O que vem pela frente
Xavier Dolan parece estar, pouco a pouco, deixando o cinema independente para produzir filmes mais comerciais. Seu filme mais recente, Juste la Fin du Monde (2016) conta com elenco de renomados atores franceses, como Gaspard Ulliel e Marion Cotillard e, nas palavras do diretor, é uma história sobre “família e a dificuldade de amar uns aos outros”. O longa estreou em Cannes e não agradou a crítica, especialmente a norte-americana. Ao vencer o prêmio Grand Prix (o segundo mais importante do festival), Dolan chegou a ser vaiado por alguns jornalistas.
O próximo trabalho do diretor, que já está em produção, promete marcar o fim da série de filmes pessoais. The Life and Death of John F. Donovan será seu primeiro longa em inglês, e atores como Jessica Chastain e Kit Harington já estão confirmados no elenco.
Afinal, o que esperar de um filme de Xavier Dolan?
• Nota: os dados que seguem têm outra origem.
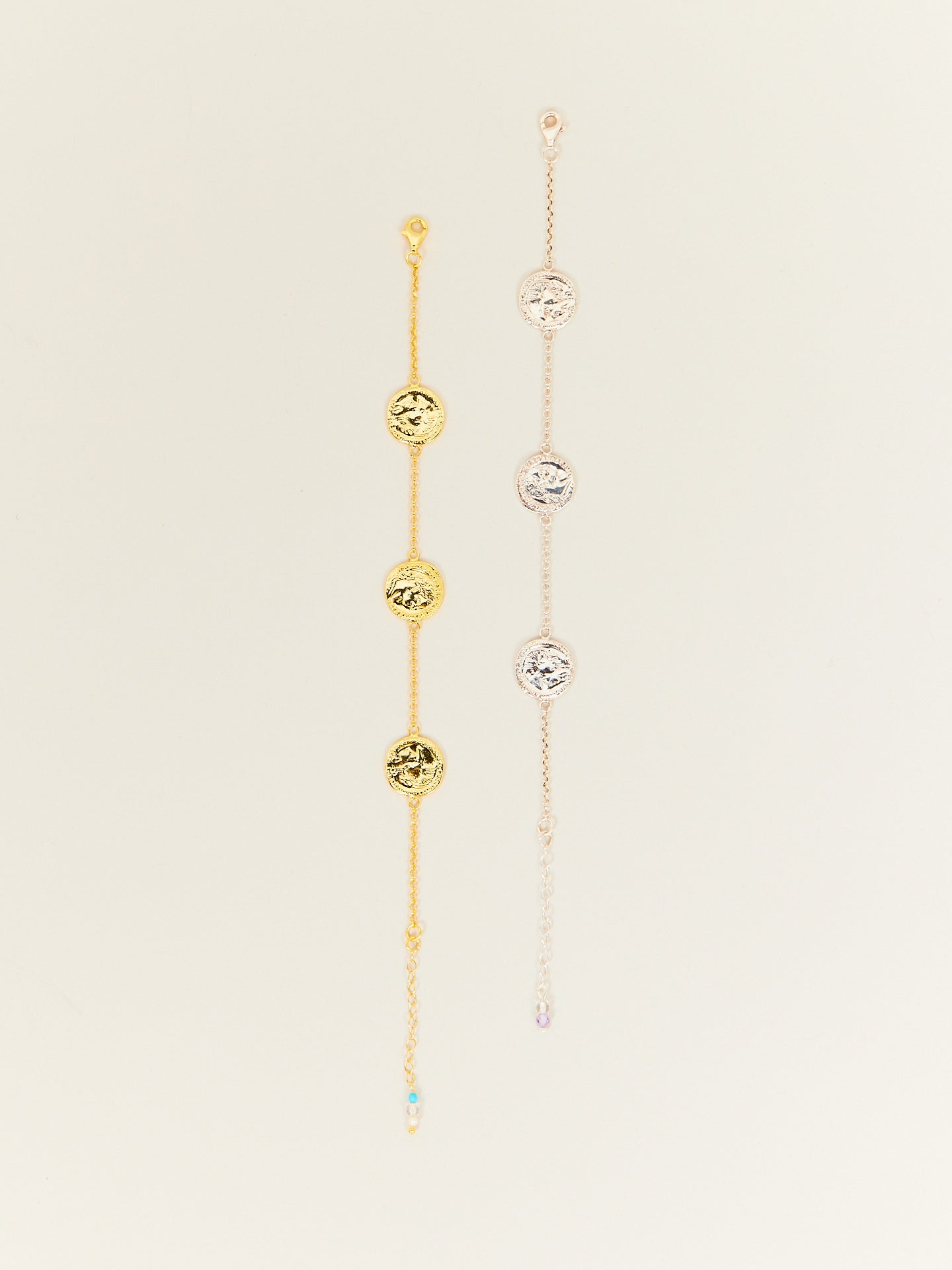 Ein goldenes sowie ein bicolores Armband mit silbernen und goldenen Münzen.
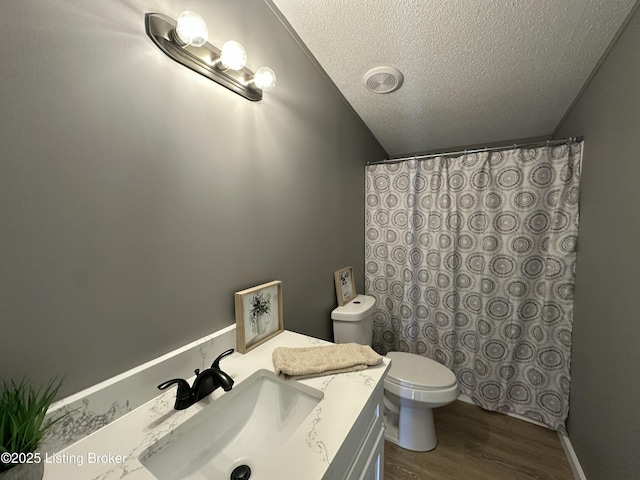 bathroom featuring vanity, wood finished floors, lofted ceiling, a textured ceiling, and toilet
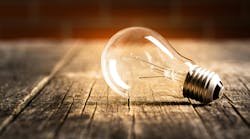 Incandescent lightbulb on old wooden planks Incandescent lightbulb on old wooden planks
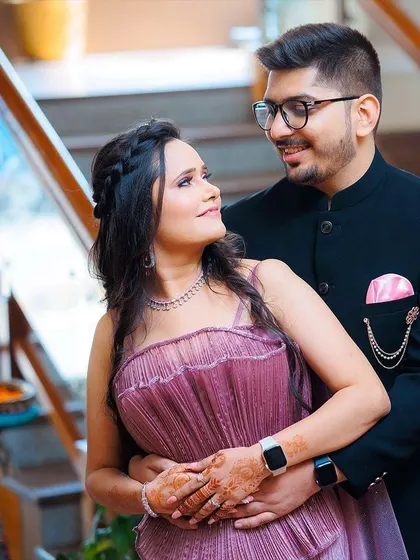 A classic engagement portrait of the couple embracing on a staircase. This pose is both elegant and intimate, showcasing their connection and beautiful outfits.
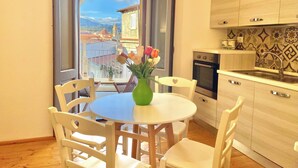 Una piccola cucina con zona pranzo, vista su edifici e un balcone fiorito.
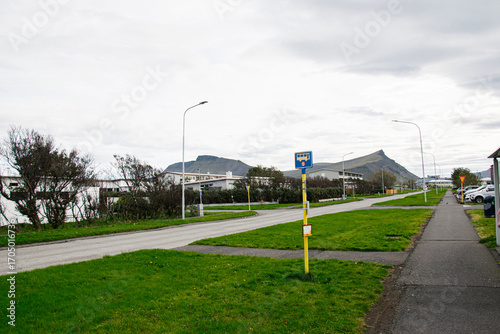 Wallpaper Mural Residential road in Akranes Iceland with a bus stop and mountain view Torontodigital.ca
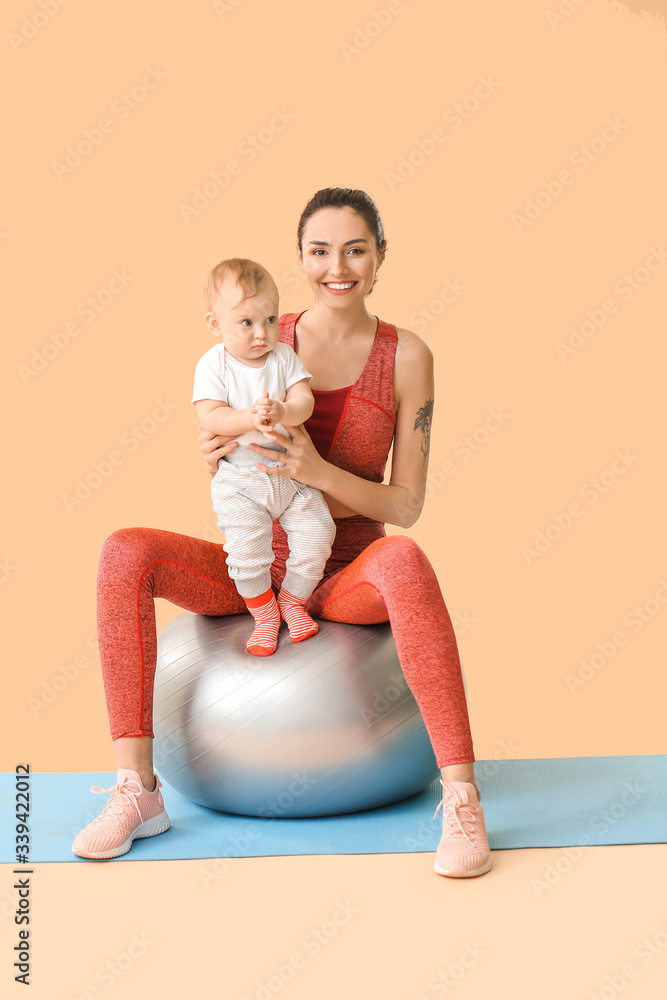 Young sporty mother and her baby doing exercises with fitball on color background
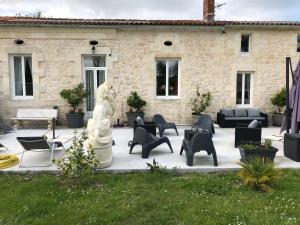 une terrasse avec des chaises et une statue en face d'un bâtiment dans l'établissement Gîtes du Perey, à Jau-Dignac-et-Loirac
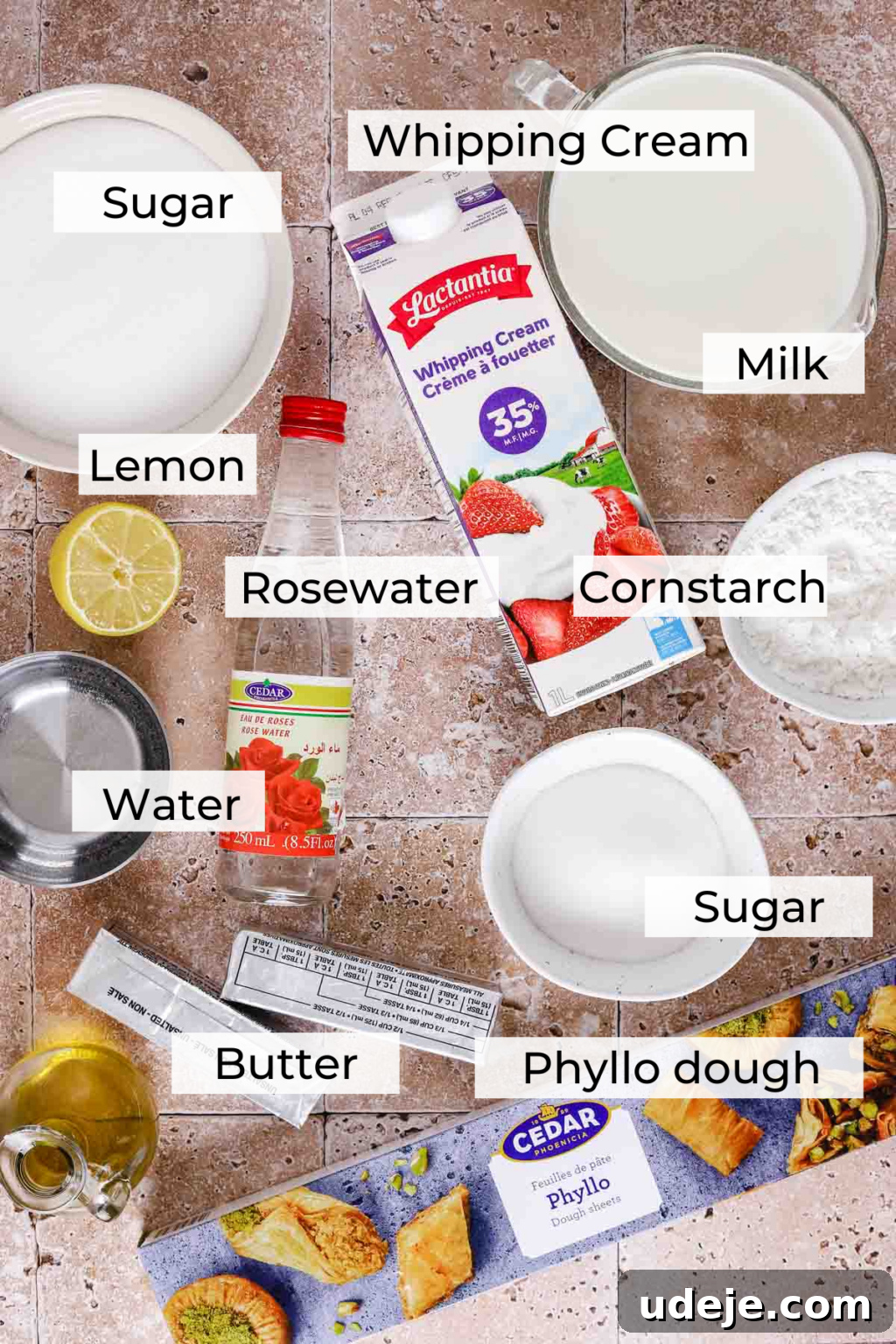 Ingredients for Warbat laid out: a medium white bowl of sugar, a smaller white bowl of sugar, a small white bowl of cornstarch, a measuring cup with milk, a whipping cream container, a bottle of rosewater, water in a silver measuring cup, sticks of butter, and a phyllo dough package, all arranged on a light stone tiled background.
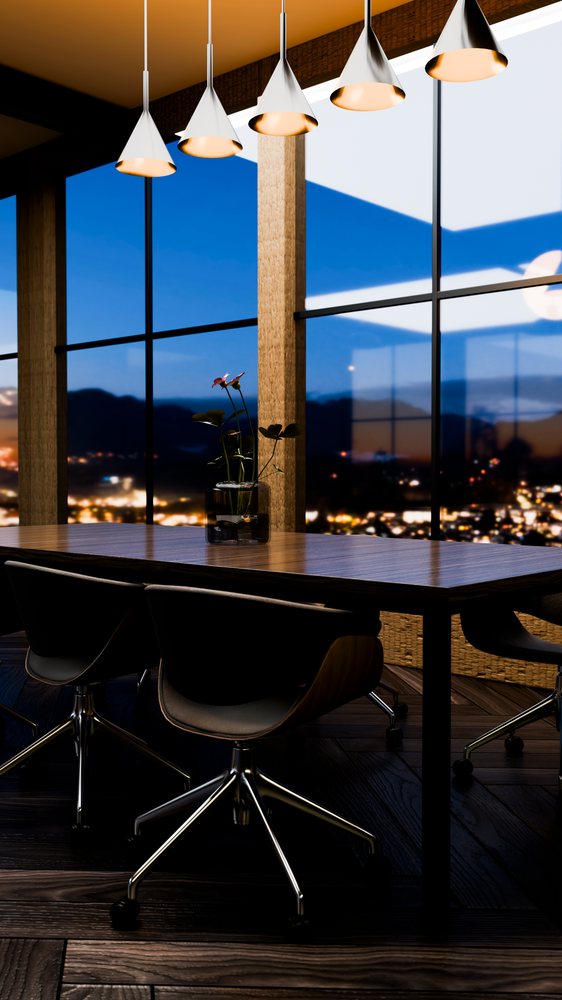 Modern wooden dining table with black office chairs and pendant lights overlooks a nighttime cityscape through floor-to-ceiling windows.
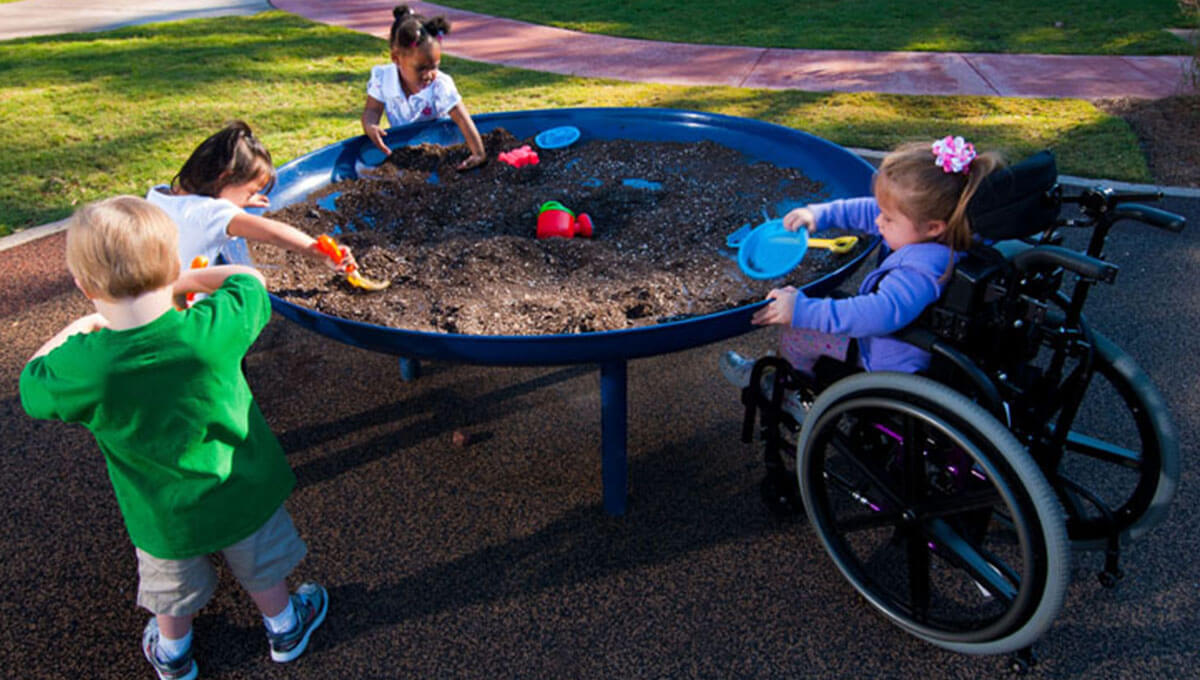 Los niños juegan en una mesa de arena elevada.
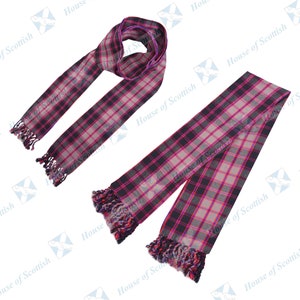 May include: Two tartan scarves with fringed edges. The scarves display a pattern of black, grey, and pink squares. The text "House of Scottish" is visible in the background.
Os estudiosos de cinema dirão que a filmografia do diretor é notável principalmente pelo que ficou conhecido como “estilo Dolan”: exaustivas tomadas das personagens de costas ou se afastando, muitos close-ups, câmera lenta frequentemente unida a músicas e diferentes proporções de tela. Alguns criticam essas características por julgarem que são apenas floreios que não adicionam nada aos filmes; outros declaram que elas são o que torna o diretor tão prestigiado.
Em contrapartida, Xavier Dolan diz que as características técnicas são meramente secundárias, uma vez que seu maior interesse sempre foi contar histórias. Então, o que esperar de um filme do cineasta? Mulheres fortes, figurinos extravagantes e uma cuidadosa direção de arte. Amor não correspondido e crises de personagens em conflito para se encaixarem na sociedade. Acima de tudo, histórias sobre jovens, contadas sob a perspectiva de um diretor jovem, que é capaz de provocar identificação e empatia na audiência justamente por tratar assuntos que estão diretamente na luta diária para encontrar seu lugar no mundo.